System Architecture
Database Table Abbreviations
- B - bedrijf
- BA - bedrijf_adres
- BIQ - bedrijf_index_queue
- BK - bedrijf_kvk
- BL - bedrijf_label
- BN - bedrijf_nieuw
- BT - bedrijf_taxonomie (SBI and rechtsvorm)
- BW - bedrijf_website
- BWQ - bedrijf_website_queue
- DH - datahunter_log
- L - label
- LR - label_relations
- N - netlist
- NM - netlist_match
- NR - netlist_record
- W - website
- WG - website_guesses
- WL - website_label
- WQ - website_queue
CRUD Operations with Database
- Spotbot Indexer: Reads BIQ | Writes timestamp to B
- DFE: Reads/Writes BW, BWQ, W, WG
- Datahunter: Reads WQ | Writes datahunter_date timestamp to W and NFS | Reads/Writes DH
- ML-API: Reads B, BA, BK, BW, W and from NFS | Writes WL, BL and to NFS
- ref_scrapers: Reads/Writes N, NR, NM, BL, W, BW, LR
Server Deployment (Ansible)
Servers managed: 7 servers with Ansible playbooks
albus - SOLR, Spotbot Indexer, dh_full (Datahunter instance)
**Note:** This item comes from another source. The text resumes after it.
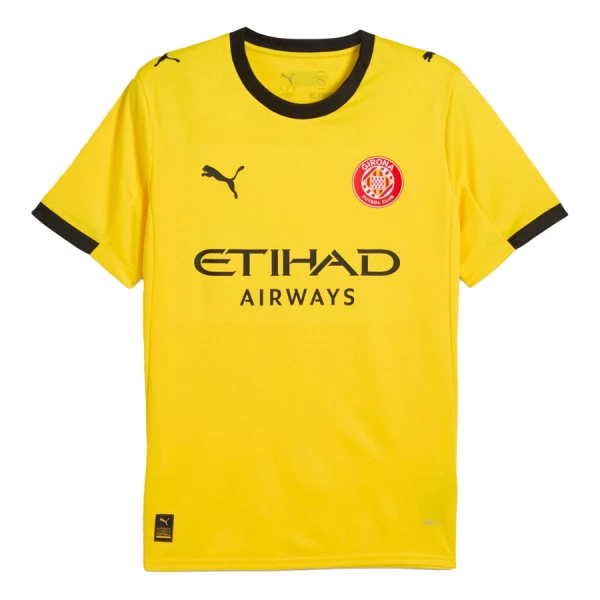 Camiseta Girona Hombre Segunda 25/26 Camiseta Girona Hombre Segunda 25/26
hagrid - NFS (website scraped content and domain summaries)
hermione - Database (PostgreSQL)
luna - GitLab
ron - Web host (any page except "website") and QMODUS cronjobs
severus - ML-API, dh_fast (Datahunter instance), ref_scrapers, DFE, Web-ML orchestration
spotter - Ansible deployments, VPN